- Required work:
Retype the records below exactly as they stand, omitting the pictures.

-*-

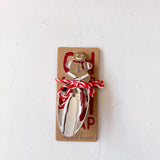 Metal snow shovel with gingerbread man design on a white background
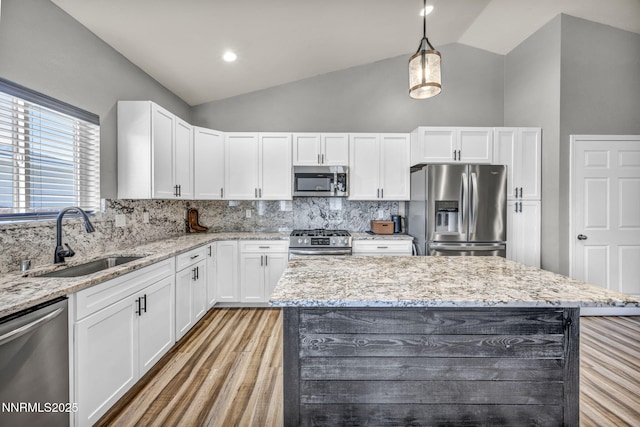 776 Great Basin Ln, Fallon, NV 89406 - kitchen with stainless steel appliances, backsplash, white cabinets, light stone countertops, and high vaulted ceiling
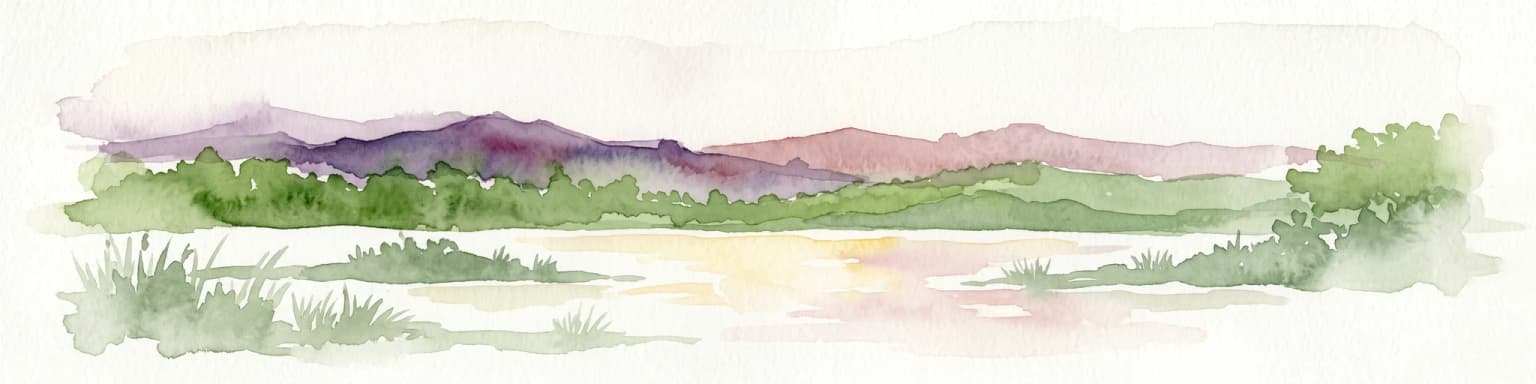 Watercolor painting of a lagoon surrounded by green vegetation and mountains in the background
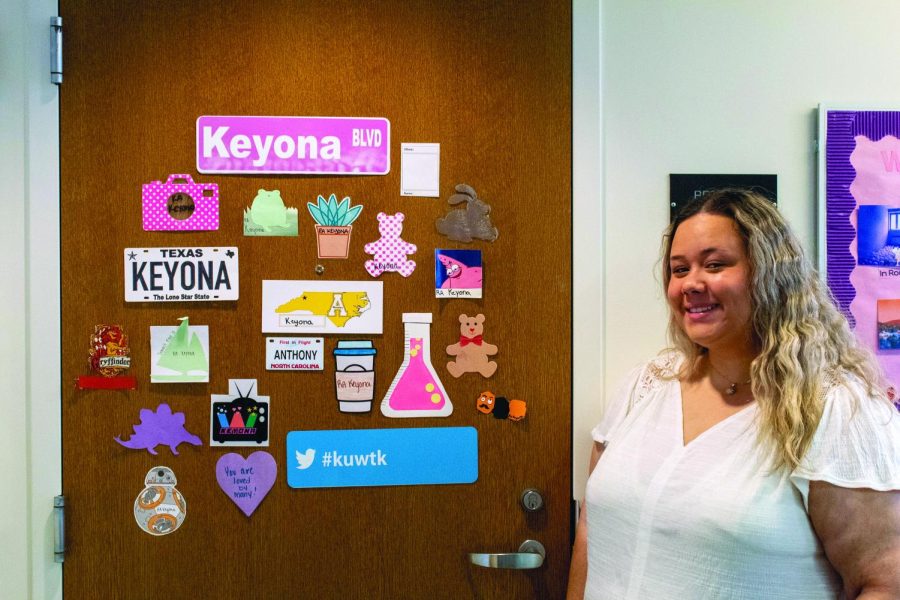 Keyona Anthony, a senior psychology major, and RA for Summit Hall, poses by her dorm room on the 10th floor.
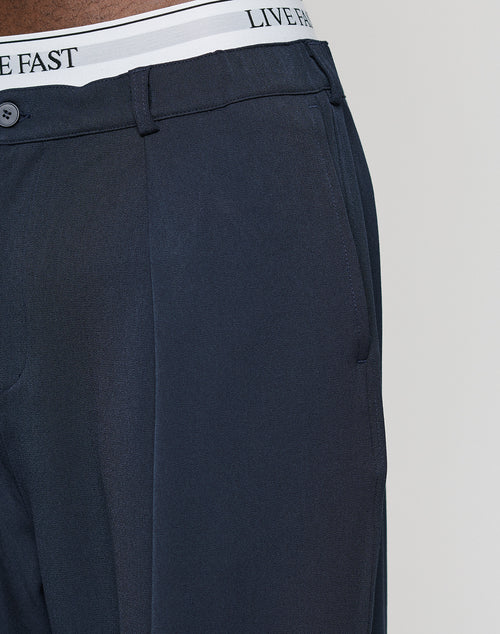 Close-up of a person wearing LIVE FAST DIE YOUNG Wide Casual Pants in dark navy with a straight leg and wide fit. The pants have belt loops, a button, and reveal a white elastic waistband printed with “LIVE FAST.”.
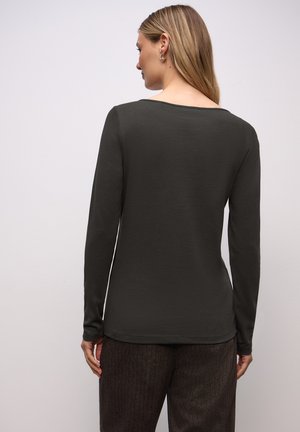 Maglietta a maniche lunghe di colore verde scuro con una texture morbida e collo ampio, abbinata a pantaloni marroni dalla texture irregolare. Design minimalista senza decorazioni.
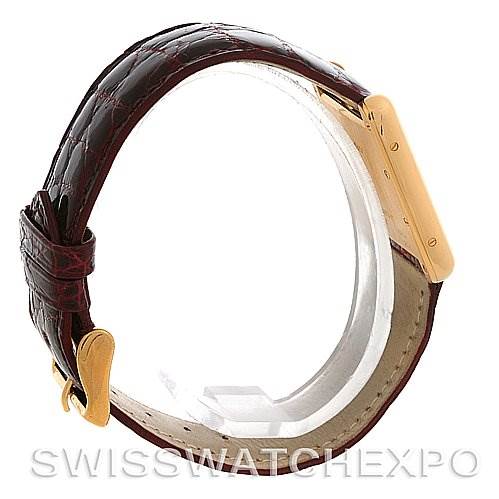 The image shows a side view of the Cartier Tank Louis W1529756 Yellow Gold White Dial W1529756 Yellow Gold White Dial watch, highlighting its strap and the side of its rectangular case.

-*-

- Reply to the task:
 Metal snow shovel with gingerbread man design on a white background
 776 Great Basin Ln, Fallon, NV 89406 - kitchen with stainless steel appliances, backsplash, white cabinets, light stone countertops, and high vaulted ceiling
 Watercolor painting of a lagoon surrounded by green vegetation and mountains in the background
 Keyona Anthony, a senior psychology major, and RA for Summit Hall, poses by her dorm room on the 10th floor.
 Close-up of a person wearing LIVE FAST DIE YOUNG Wide Casual Pants in dark navy with a straight leg and wide fit. The pants have belt loops, a button, and reveal a white elastic waistband printed with “LIVE FAST.”.
 Maglietta a maniche lunghe di colore verde scuro con una texture morbida e collo ampio, abbinata a pantaloni marroni dalla texture irregolare. Design minimalista senza decorazioni.
 The image shows a side view of the Cartier Tank Louis W1529756 Yellow Gold White Dial W1529756 Yellow Gold White Dial watch, highlighting its strap and the side of its rectangular case.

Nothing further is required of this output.